RECORDED DATA: Begin

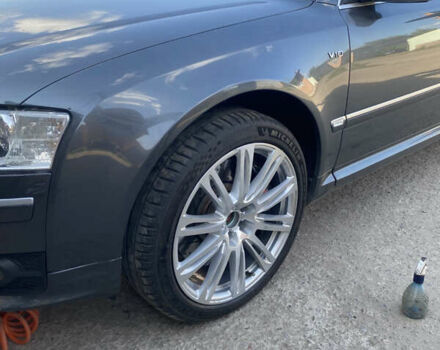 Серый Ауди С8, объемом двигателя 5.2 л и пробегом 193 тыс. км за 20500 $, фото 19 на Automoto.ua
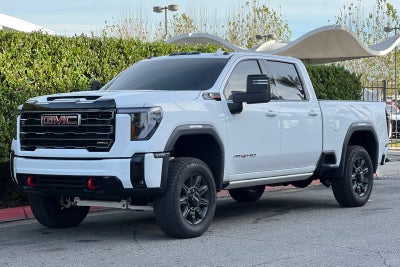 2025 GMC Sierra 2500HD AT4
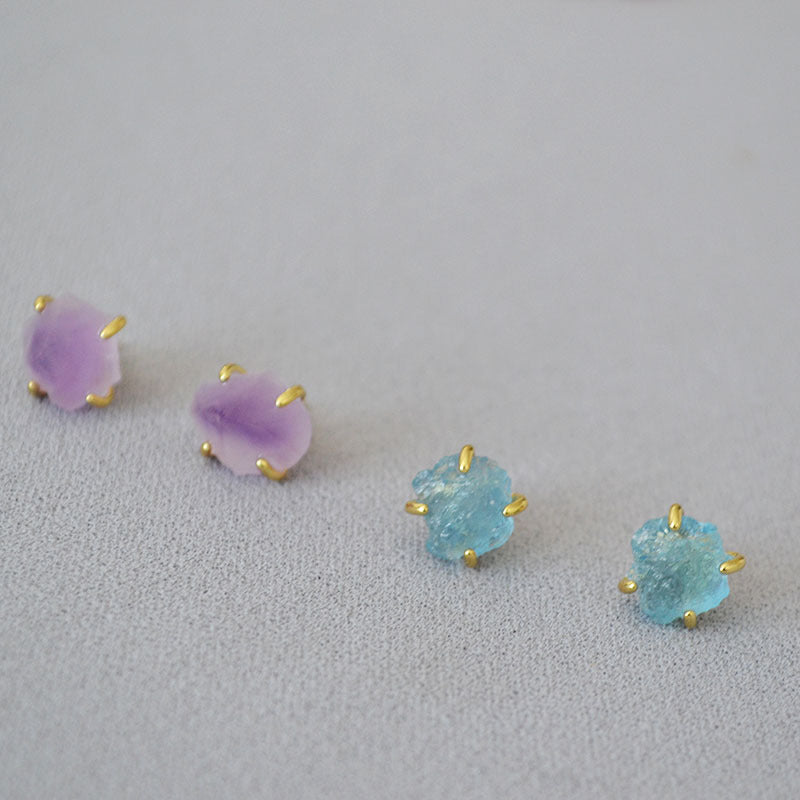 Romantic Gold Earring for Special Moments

RECORDED DATA: End

Your task is to copy word for word the lines from the line containing "2025 GMC Sierra 2500HD AT4" to the end of the listing, both included, and to drop any pictures.

 2025 GMC Sierra 2500HD AT4
 Romantic Gold Earring for Special Moments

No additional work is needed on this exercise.